For promoters, before the nature of the income received is considered it is important to determine if the nature of project being conducted is in the form of a business activity.
To determine whether a taxpayer is in the process of carrying on a business one of the following must be met:
- There must be an undertaking of activities in a business like manner and in a commercially viable way. The ATO has issued Taxation Ruling TR98/11 which may assist in this determination.
- The project must have been launched with the implicit intention to derive a profit. This rule applies regardless of whether a profit is ever made, you are not already running a business, the project is not part of the usual course of business or you didn’t know how a profit will be derived.

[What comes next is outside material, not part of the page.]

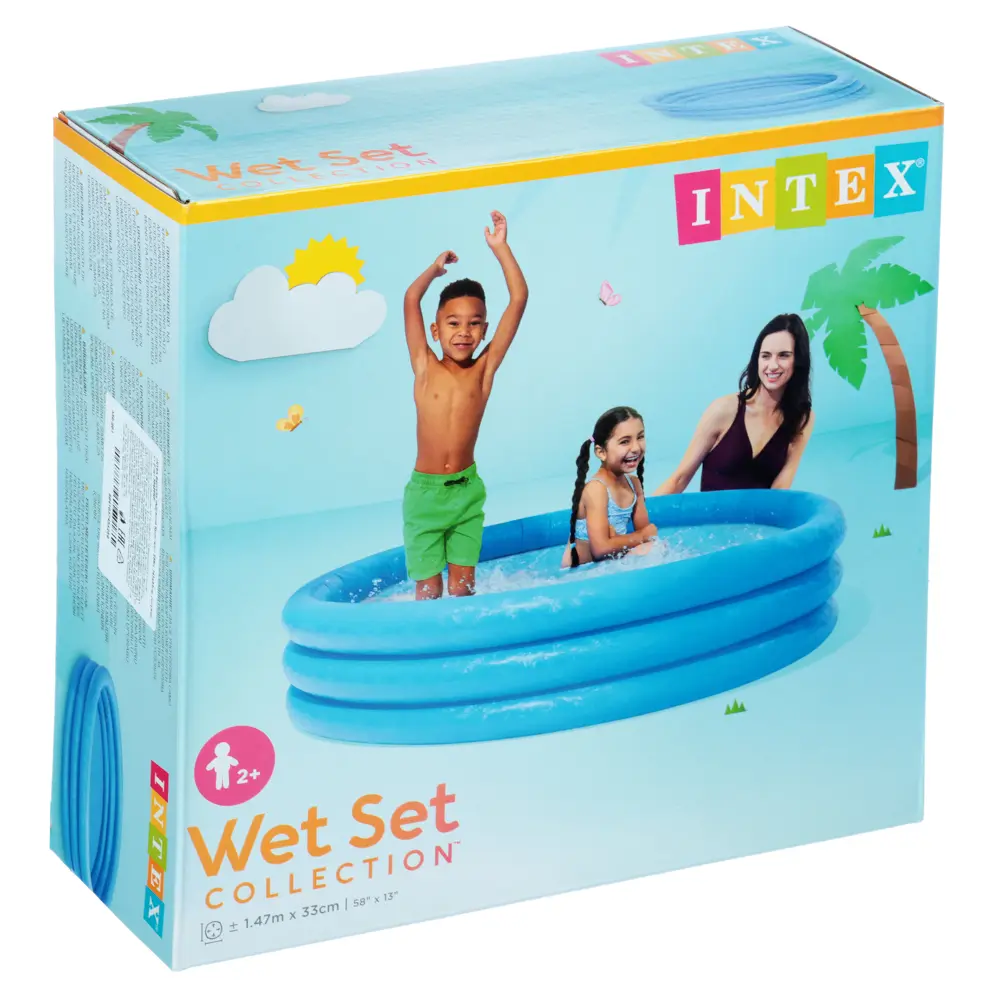 INTEX Бассейн надувной Кристалл, 288л, 147x33см, голубой, от 2 лет 58426NP - #4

If a business is not being carried on, it is possible that the monies received will not be assessable income. Similarly any expenses incurred are not deductible.
However, assuming a business is being carried on, the following are the taxation implications depending on the type of funding arrangement:
Nature of Income
- Reward-based funding: The consideration received for the provision of goods and services is considered to be assessable income in the hands of the promoter. Any expenditure incurred in relation to generating that income may also be deductible expense.
- Donations-Based funding: If the donation received has been a product of income-producing activities then it is likely to be determined to be assessable income in the hands of the promoter. The major test comes down to the understanding between the promoter and contributors and what the funds are used for.
- Equity-Based funding: Funds in relation to raising capital is considered to form part of the capital of the business and non-assessable for income tax purposes. Dividends and returns paid back to investors are non-deductible.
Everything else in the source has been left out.